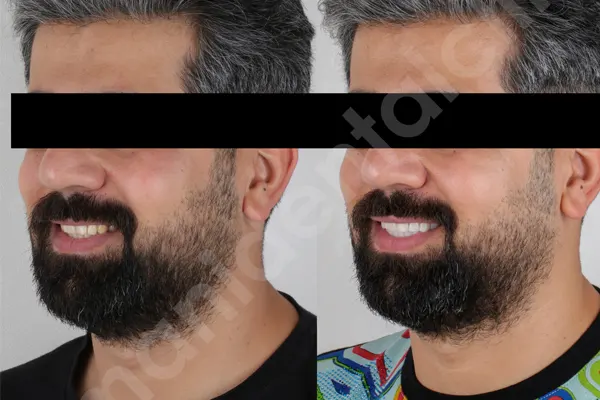 مراقبت های بعد از کامپوزیت ونیر 1 مراقبت های بعد از کامپوزیت ونیر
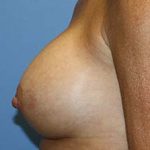 Breast Augmentation Before & After Patient #7101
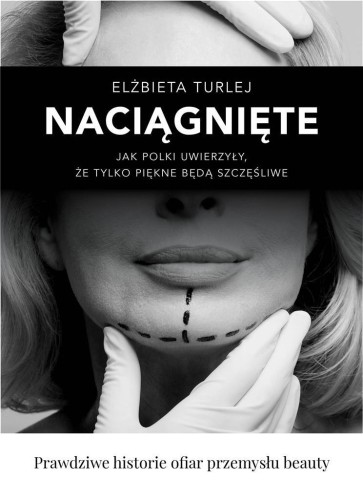 Naciągnięte, Elżbieta Turlej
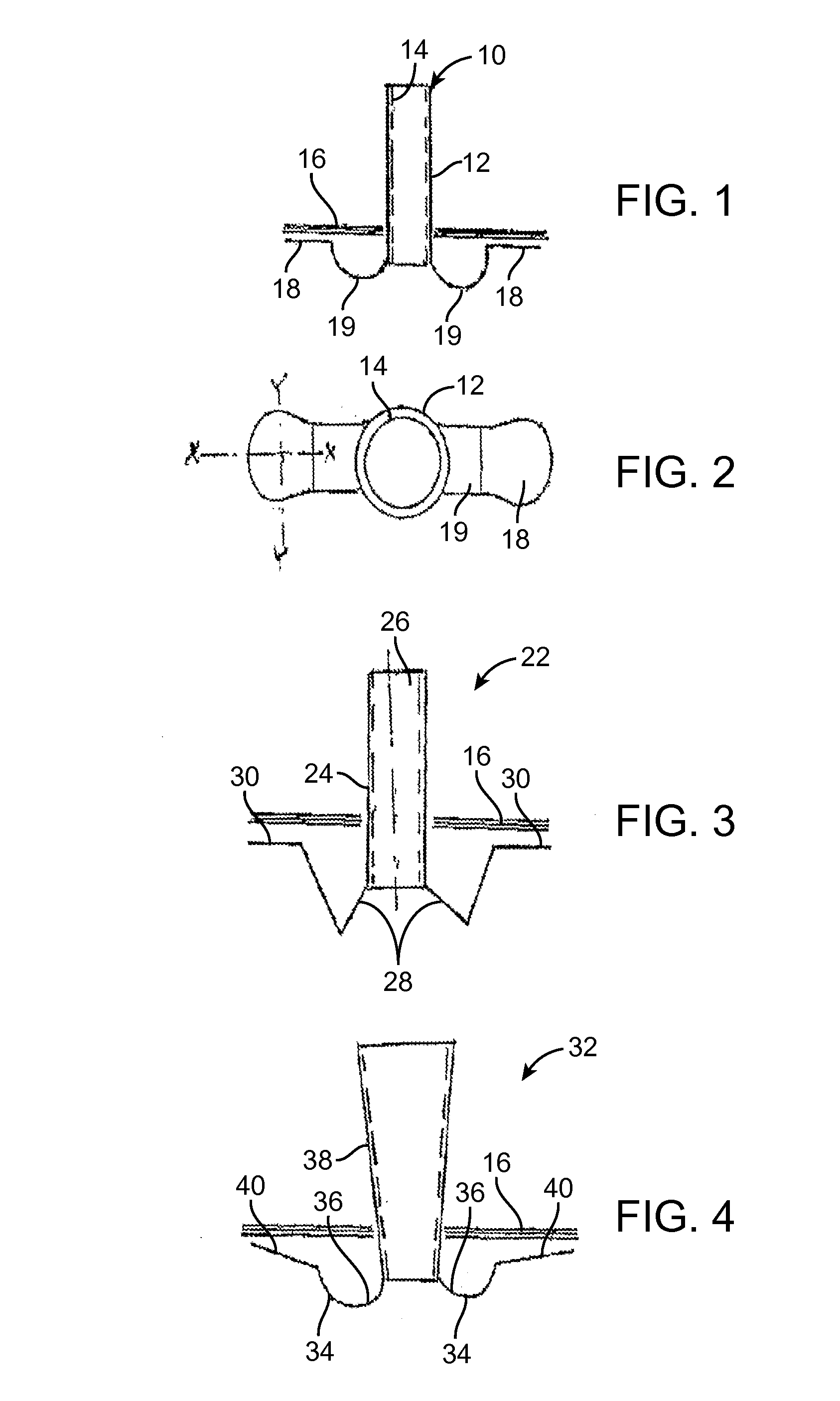 Ear tubes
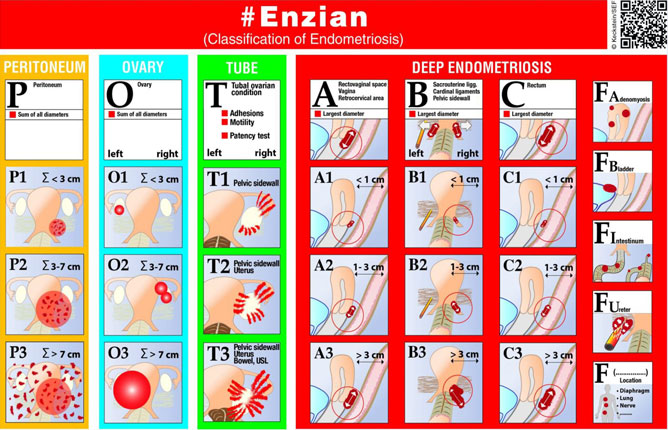 Kidney Endometriosis - Seckin Endometriosis Center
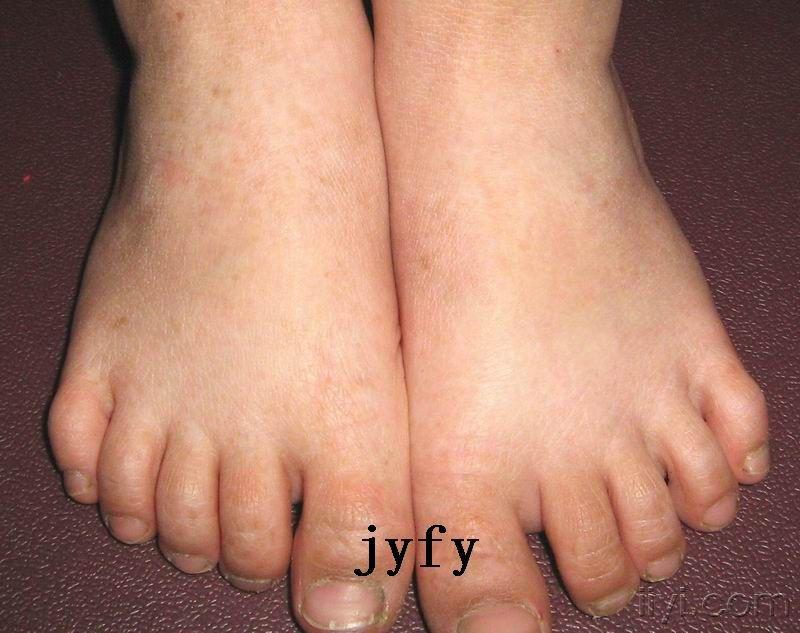 遗传性对称性色素异常症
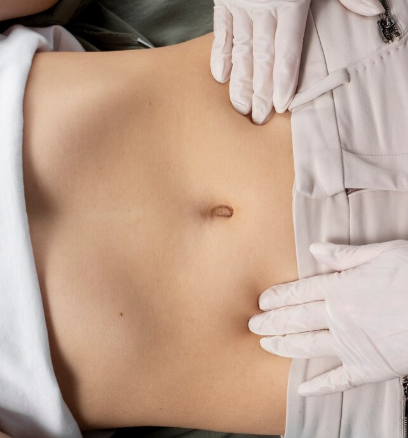 CoreSculpt Abdominal Fat Reduction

┄┄┄┄┄┄┄┄┄┄

#### About this task:
Please print the material exactly as given above, omitting the pictures.

#### Response to the task:
 مراقبت های بعد از کامپوزیت ونیر 1 مراقبت های بعد از کامپوزیت ونیر
 Breast Augmentation Before & After Patient #7101
 Naciągnięte, Elżbieta Turlej
 Ear tubes
 Kidney Endometriosis - Seckin Endometriosis Center
 遗传性对称性色素异常症
 CoreSculpt Abdominal Fat Reduction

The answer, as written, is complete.